Current Republican Lieutenant Governor Glenn McConnell plans to leave for the College of Charleston presidency once his replacement is chosen. Under the state constitution, the Senate President Pro Tempore is required to then assume the lieutenant governor’s post once it becomes vacant.
But previous President Pro Tem John Courson resigned two weeks ago to avoid giving up his powerful Senate post for the largely ceremonial position. The only man who has expressed publicly his interest in the job is Democratic State Sen. Yancey McGill, D-Williamsburg.
McGill had been hoping for a vote on Tuesday. He declined to speak on the record afterwards.
Senators need to elect a new president pro tempore to replace McConnell when he does resign. But Republicans appear unwilling to give up the Lieutenant Governor’s Office — a post they’ve occupied for 20 years — just yet. By a narrow 23-22 margin, Republicans voted to adjourn on Tuesday minutes before the Senate President Pro Tempore race would have appeared on the agenda. Five Republicans sided with all Democrats against adjourning. The vote was surprising because the chamber had voted 23-22 just moments earlier to take up the President Pro Tem’s election (Sen. Larry Grooms, R-Berkeley, defected).
State Sen. Shane Massey, R-Edgefield, said one Republican senator is potentially interested in the job. But he would not say who.
“Look, I’m a Republican,” he said after the vote. “And I’ve got the possibility of electing a Republican as the next lieutenant governor. He just asked to think about it, talk with his family and friends overnight. I’m going to try and honor that request, if I can.”

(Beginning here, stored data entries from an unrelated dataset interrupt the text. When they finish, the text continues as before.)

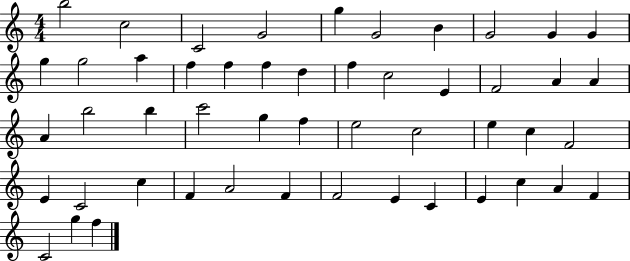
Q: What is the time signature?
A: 4/4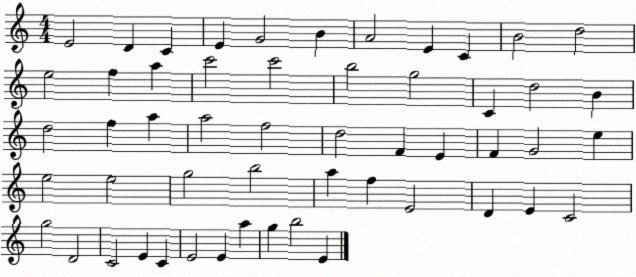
X:1
T:Untitled
M:4/4
L:1/4
K:C
E2 D C E G2 B A2 E C B2 d2 e2 f a c'2 c'2 b2 g2 C d2 B d2 f a a2 f2 d2 F E F G2 e e2 e2 g2 b2 a f E2 D E C2 g2 D2 C2 E C E2 E a g b2 E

But Democrats accused Republicans of wasting time for political reasons. “I didn’t think it would get to the point where we’d have lost a whole day and not get any work done because of a fight that’s on the other side of the aisle,” State Sen. John Scott, D-Richland said.
Whoever becomes lieutenant governor would have to give up their Senate seat to hold the position for just six months, when voters would elect a replacement.